Figure 2. Typical trajectories. (A) Traces of ρ(t), α(t), and κ(t) for a sample trajectory of a larva with both the visual system and the lateral line. A counterflow swim sequence of 31 bouts starts at t≃3s (arrow). (B) Typical trajectories of four larvae in the different sensory conditions. (top) Arrowheads indicate the swim bouts.
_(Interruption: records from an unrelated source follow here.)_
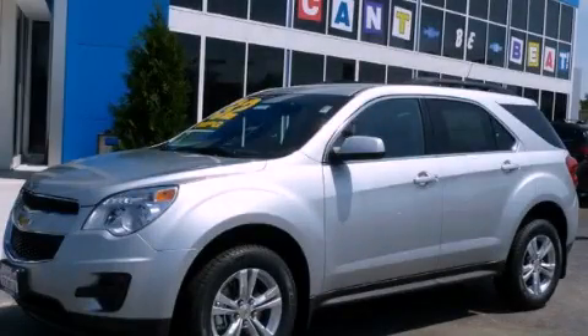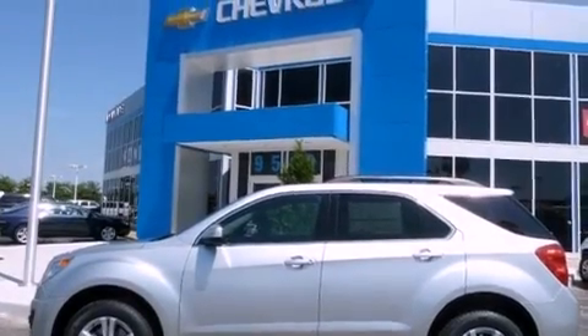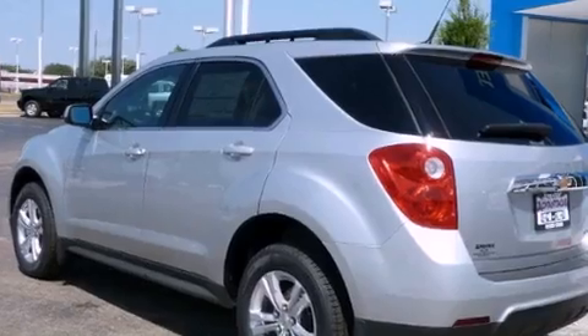This is a brand-new 2011 Chevrolet Equinox, functional utility for a modern lifestyle. It features a 2.4-liter four-cylinder engine and an automatic transmission.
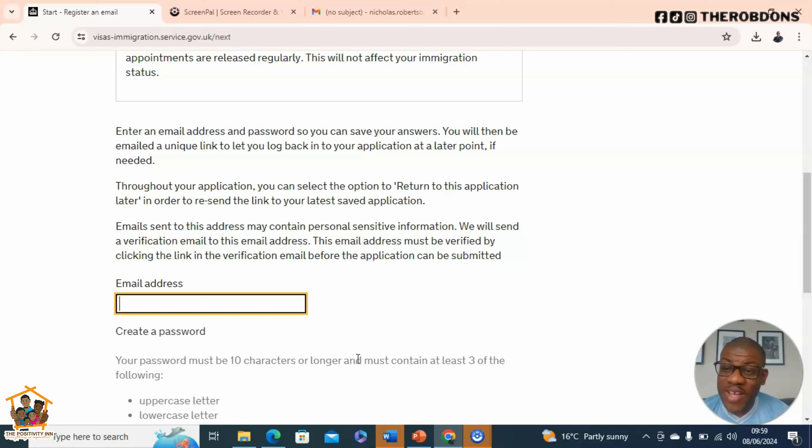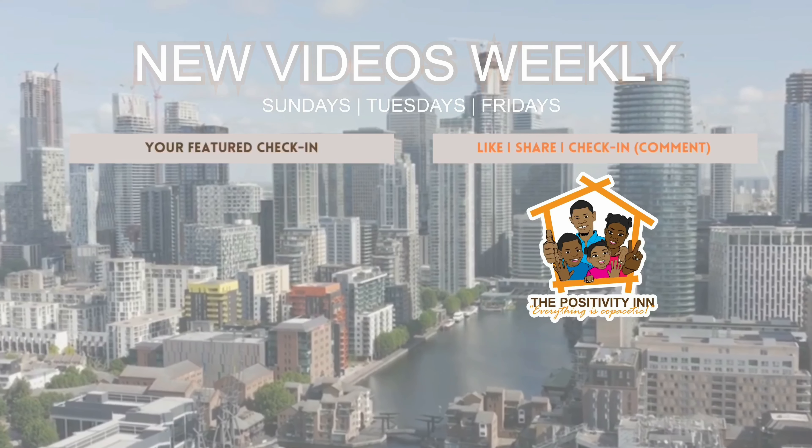Hopefully this video was helpful. We want to provide more content like this to help and support our community, so remember to like, share, and subscribe. Thank you and have a good day.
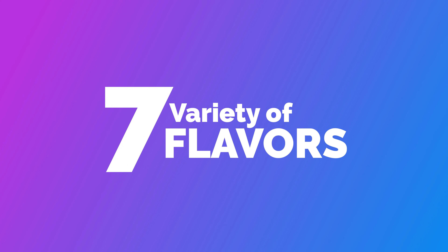So without further ado, here are the seven most awesome reasons to use Manjaro. Number seven: a variety of flavors.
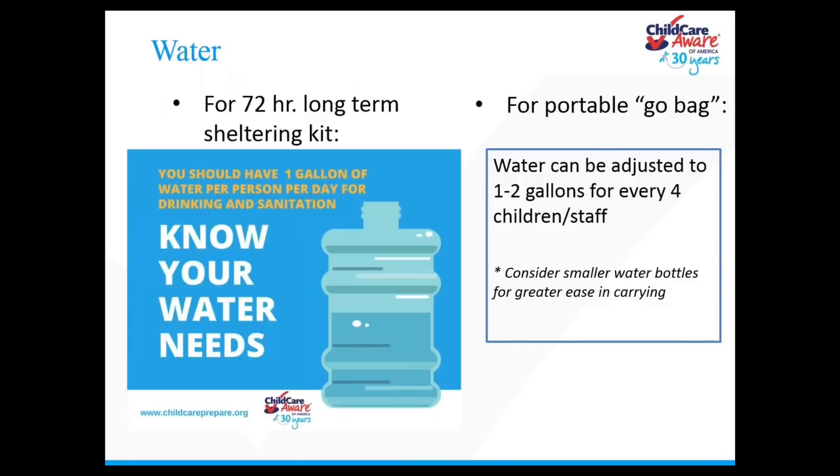Children have unique nutritional needs requiring special emergency planning — they require more fluids per pound than adults. You should have one gallon of water per person per day for drinking and sanitation. Use bottled water if possible, as it's the safest choice. For large childcare programs, we realize that's a lot of water, but try to make improvements on what you currently do. Observe the expiration date for store-bought water — it does expire. For portable go-kits for shorter-term evacuations, water can be adjusted to one to two gallons for every four children or staff.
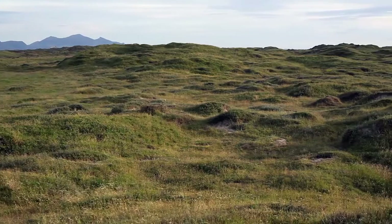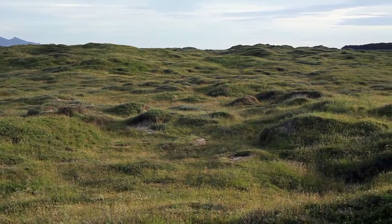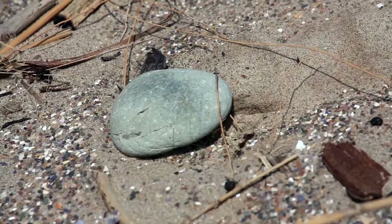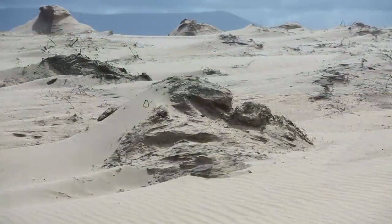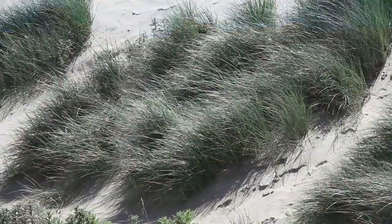Where dunes have stabilised, as at Newborough Warren on Anglesey, new blowholes have been created, allowing sand to blow inland, rejuvenating the dunes, and allowing a mosaic of species-rich habitats to develop.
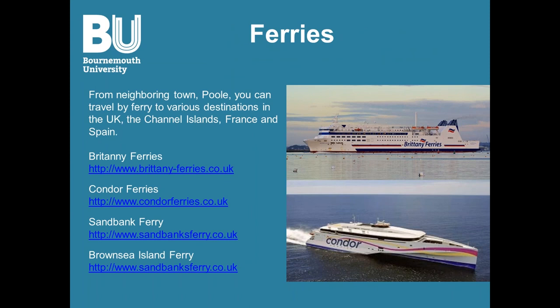In Bournemouth you also have ferries. Around the Poole area there are the Sandbanks ferry and the Brownsea Island ferry. You also have Brittany Ferries, which can bring you to France, and Condor Ferries, which typically go to the Channel Islands.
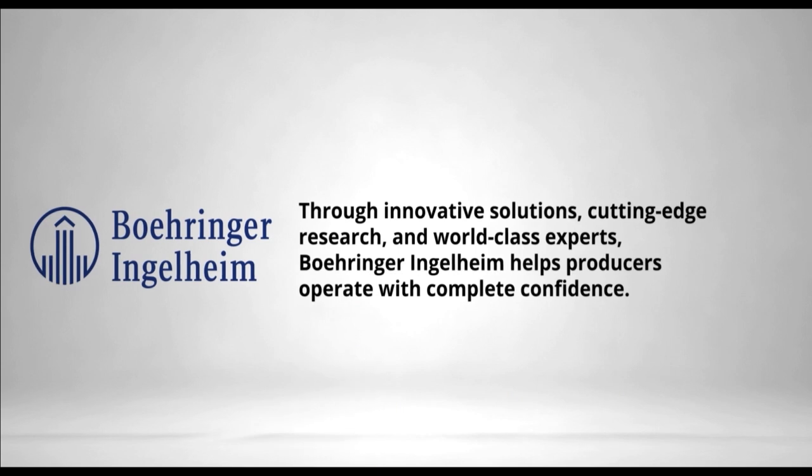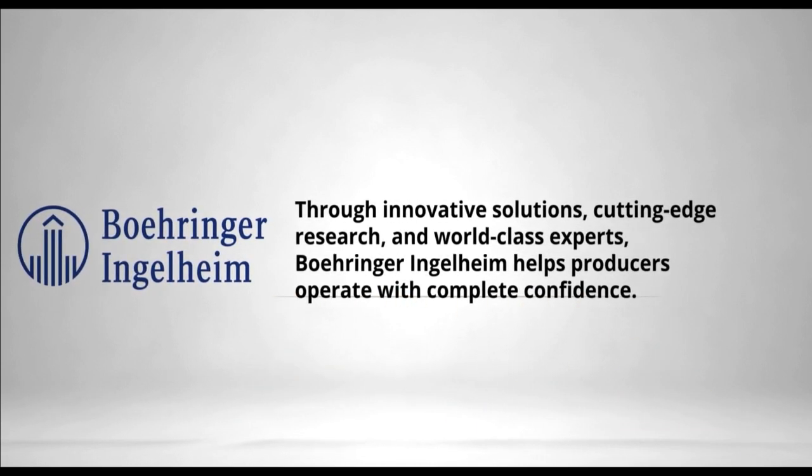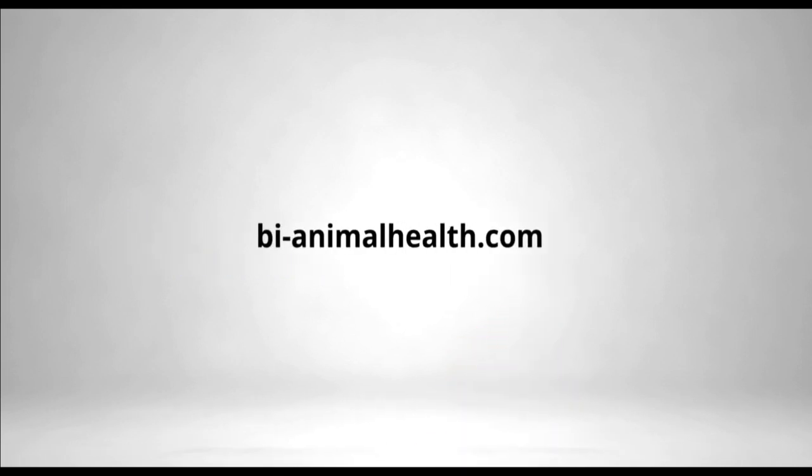Salmonella presents significant challenges to pig health and performance and poses food safety risks to humans. As the first and only vaccine offering live attenuated strains of both Salmonella choleraesuis and typhimurium, Enterosol Salmonella TC from Boehringer Ingelheim protects pigs against both serotypes with a single oral dose. Talk to your Boehringer Ingelheim representative to learn more.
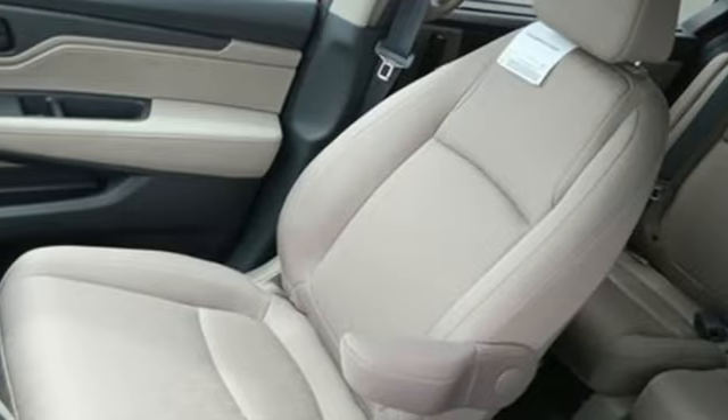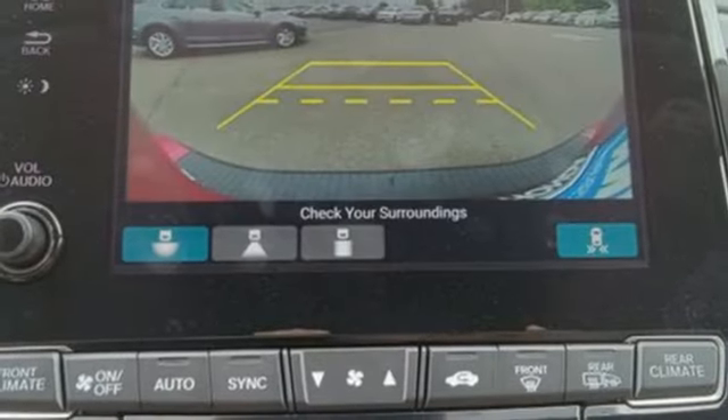V6 engine. Aluminum wheels. Digital instrument gauges. And automatic transmission.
2.2. Transition from Exploration to Counterflow Swim

In the absence of visual and hydrodynamic cues, the larvae passively drifted toward the suction point (Figure 2B and Supplementary Video 2). We sometimes observed brusque, oversized, and non-oriented escape bouts (see Supplementary Video 2), indicating that the remaining sensory systems (tactile, proprioceptive, and vestibular systems for instance) can trigger escape responses but are unable to generate CSS behavior on their own. All sensory conditions involving either the lateral line or the visual system showed CSS (Figure 2B and Supplementary Videos 3–5).
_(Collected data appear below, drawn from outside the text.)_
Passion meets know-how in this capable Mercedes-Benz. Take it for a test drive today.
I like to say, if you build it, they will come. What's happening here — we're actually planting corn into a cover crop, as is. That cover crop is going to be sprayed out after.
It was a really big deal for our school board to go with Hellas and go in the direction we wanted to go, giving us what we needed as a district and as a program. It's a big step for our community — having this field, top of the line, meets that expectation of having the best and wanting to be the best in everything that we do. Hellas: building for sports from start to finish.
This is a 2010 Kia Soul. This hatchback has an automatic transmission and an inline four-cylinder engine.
As the angle α between the body axis and the local stream lines determines the efficiency of each impulse to compensate the flow, it is a key parameter of counterflow swim. We observed a clear transition from initial exploration behavior for which α is uniformly distributed to CSS with peaked distribution of α (Figure 3A). Aligment along the stream lines can be achieved either actively during swim bouts, or simply passively because of the Jeffery effect: hydrodynamic computations show that elongated objects in sheared flows experience torque (Jeffery, 1922; Dhont and Briels, 2005) which, in our geometry, tends to align the larvae radially on a time scale that depends on the flow rate and the initial position (radius and angle) of the larva. We computed the circular variance of α in time bins of 0.5 s ranging from 10 s before to 10 s after the onset of the CSS (Figure 3B), and compared it with the circular variance of simulated passive trajectories (see Materials and Methods). During the exploration phase the circular variance was close to 1, the theoretical value for a uniform angular distribution. Notably, the circular variance did not decreased with time, suggesting that the larvae actively explored their angular space at a pace that is sufficient to neutralize the effect of passive orientation (Supplementary Videos 6, 7). During the CSS the circular variance immediatly dropped to an asymptotical value close to 0, the theoretical value for perfect alignment. Quasi-radial orientation was achieved in one single bout for the three sensory conditions. For all later bouts, the distributions of body angles at the bout onset were slightly more peaked than at the bout offset, most likely due to the passive orientation occuring during inter-bout delays (Figure 3C).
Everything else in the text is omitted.